Return the lines of the listing below exactly as they appear, beginning at the one with "Red Rat mascot" and stopping after the one with "Tragbarer Mini-Thermodrucker, kabellos, BT, 203"; do not include pictures.

RECORDS FOR THE TASK
════

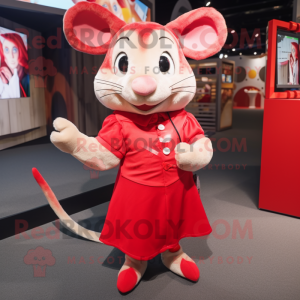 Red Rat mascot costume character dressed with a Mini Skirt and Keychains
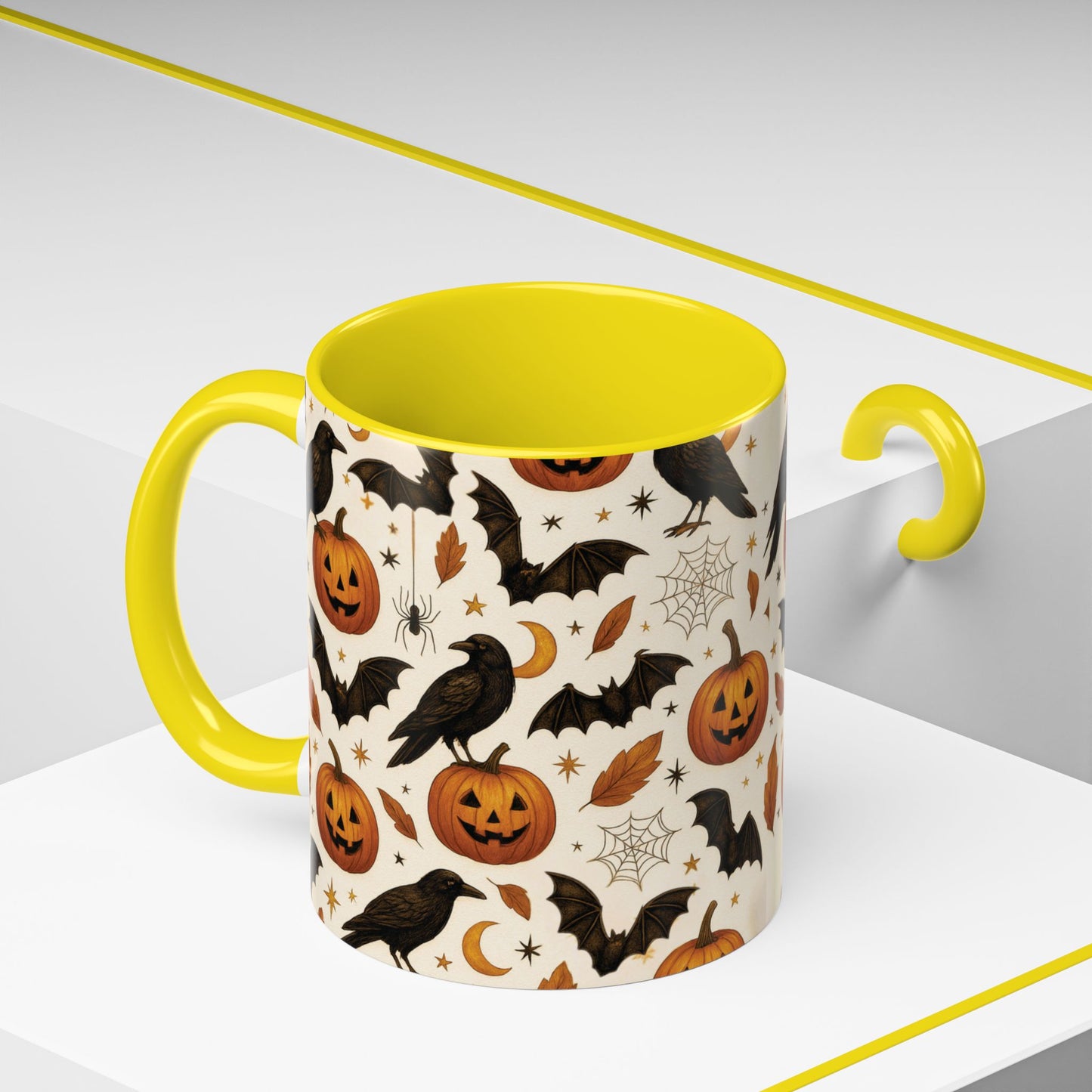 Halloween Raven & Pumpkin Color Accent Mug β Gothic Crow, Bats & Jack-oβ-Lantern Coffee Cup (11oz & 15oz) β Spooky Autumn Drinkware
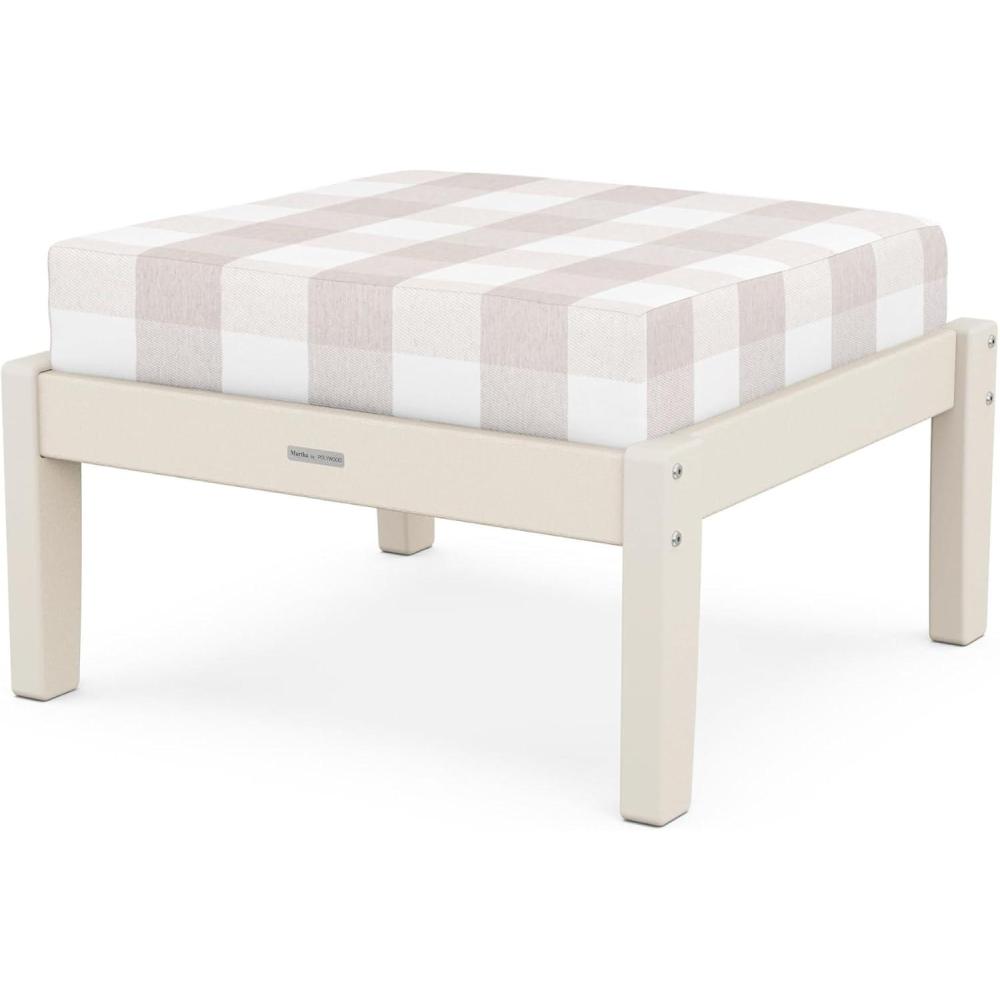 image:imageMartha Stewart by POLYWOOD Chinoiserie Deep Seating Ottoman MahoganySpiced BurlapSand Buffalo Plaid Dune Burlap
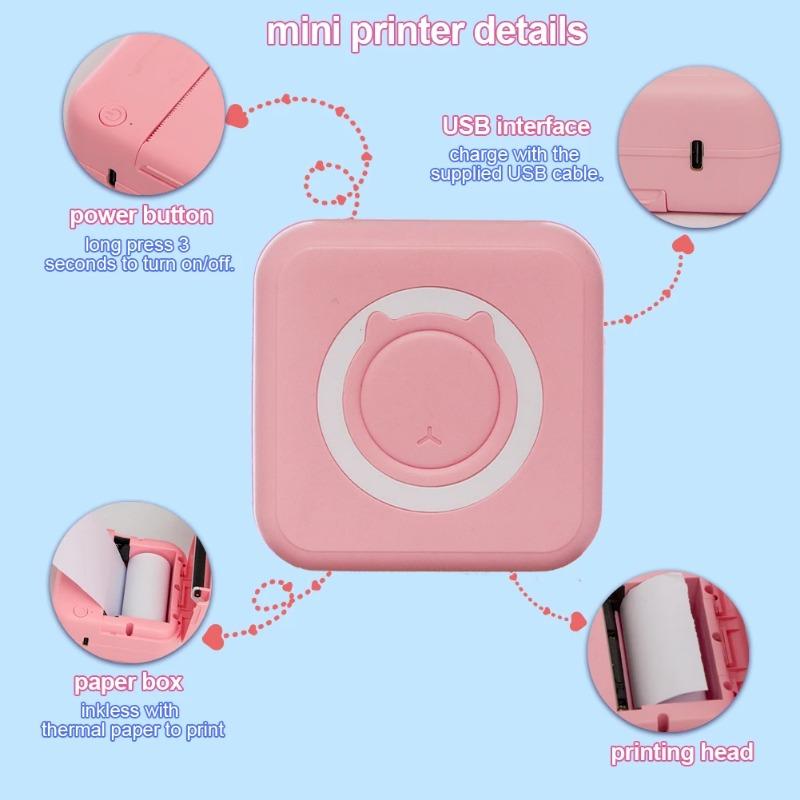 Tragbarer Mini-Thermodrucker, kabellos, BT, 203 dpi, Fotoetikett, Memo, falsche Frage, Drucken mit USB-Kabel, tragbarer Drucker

════

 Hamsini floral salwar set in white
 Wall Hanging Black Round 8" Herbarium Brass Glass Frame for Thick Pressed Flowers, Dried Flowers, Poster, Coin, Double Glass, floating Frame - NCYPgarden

════

RESPONSE BELOW
 Red Rat mascot costume character dressed with a Mini Skirt and Keychains
 Halloween Raven & Pumpkin Color Accent Mug β Gothic Crow, Bats & Jack-oβ-Lantern Coffee Cup (11oz & 15oz) β Spooky Autumn Drinkware
 image:imageMartha Stewart by POLYWOOD Chinoiserie Deep Seating Ottoman MahoganySpiced BurlapSand Buffalo Plaid Dune Burlap
 Tragbarer Mini-Thermodrucker, kabellos, BT, 203 dpi, Fotoetikett, Memo, falsche Frage, Drucken mit USB-Kabel, tragbarer Drucker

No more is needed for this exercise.